• What you will do: Repeat exactly the stretch of lines that starts with the one containing "Since the charging" and ends with the last line of the material. Leave out pictures.

• Task input:
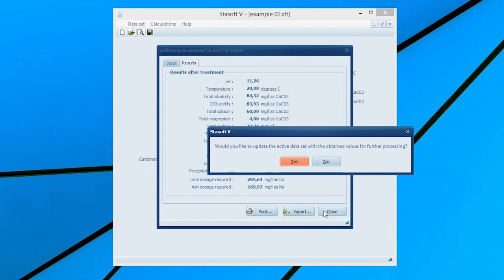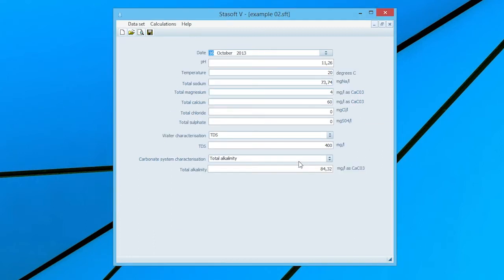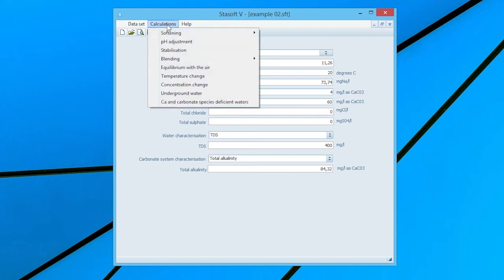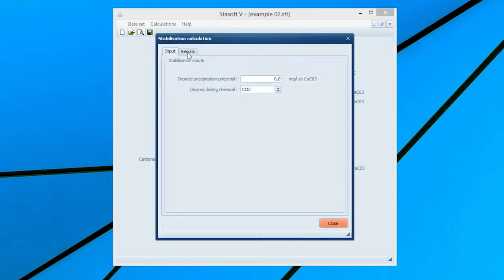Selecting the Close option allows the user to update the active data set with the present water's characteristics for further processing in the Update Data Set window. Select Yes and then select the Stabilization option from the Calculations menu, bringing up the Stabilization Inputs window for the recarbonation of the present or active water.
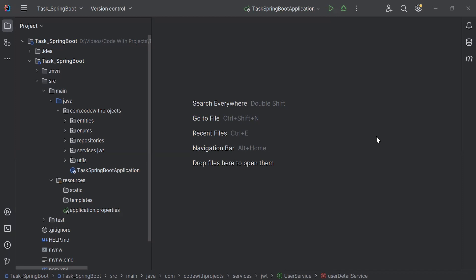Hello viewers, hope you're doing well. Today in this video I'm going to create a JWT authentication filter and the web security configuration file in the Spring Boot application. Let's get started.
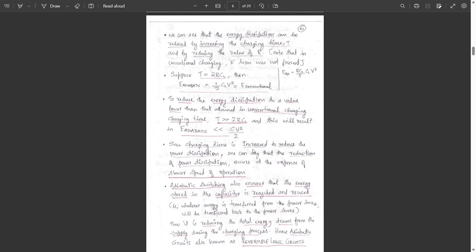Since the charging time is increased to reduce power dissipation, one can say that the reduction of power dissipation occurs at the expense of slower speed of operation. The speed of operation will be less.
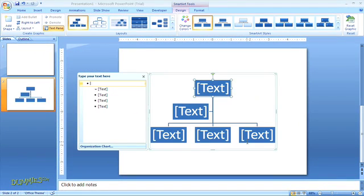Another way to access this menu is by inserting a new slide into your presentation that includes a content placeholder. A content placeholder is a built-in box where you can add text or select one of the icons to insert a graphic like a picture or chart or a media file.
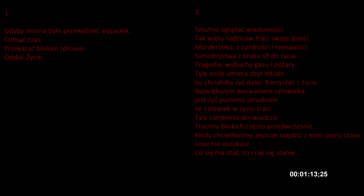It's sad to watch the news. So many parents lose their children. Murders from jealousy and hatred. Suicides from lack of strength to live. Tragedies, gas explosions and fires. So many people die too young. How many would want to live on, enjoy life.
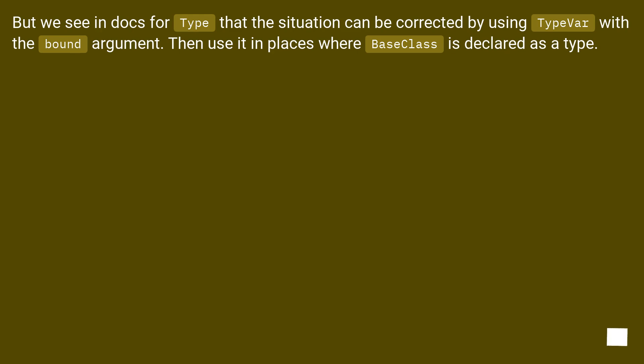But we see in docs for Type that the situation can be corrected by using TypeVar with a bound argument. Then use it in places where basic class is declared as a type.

• Output of the task:
Since the charging time is increased to reduce power dissipation, one can say that the reduction of power dissipation occurs at the expense of slower speed of operation. The speed of operation will be less.
Another way to access this menu is by inserting a new slide into your presentation that includes a content placeholder. A content placeholder is a built-in box where you can add text or select one of the icons to insert a graphic like a picture or chart or a media file.
It's sad to watch the news. So many parents lose their children. Murders from jealousy and hatred. Suicides from lack of strength to live. Tragedies, gas explosions and fires. So many people die too young. How many would want to live on, enjoy life.
But we see in docs for Type that the situation can be corrected by using TypeVar with a bound argument. Then use it in places where basic class is declared as a type.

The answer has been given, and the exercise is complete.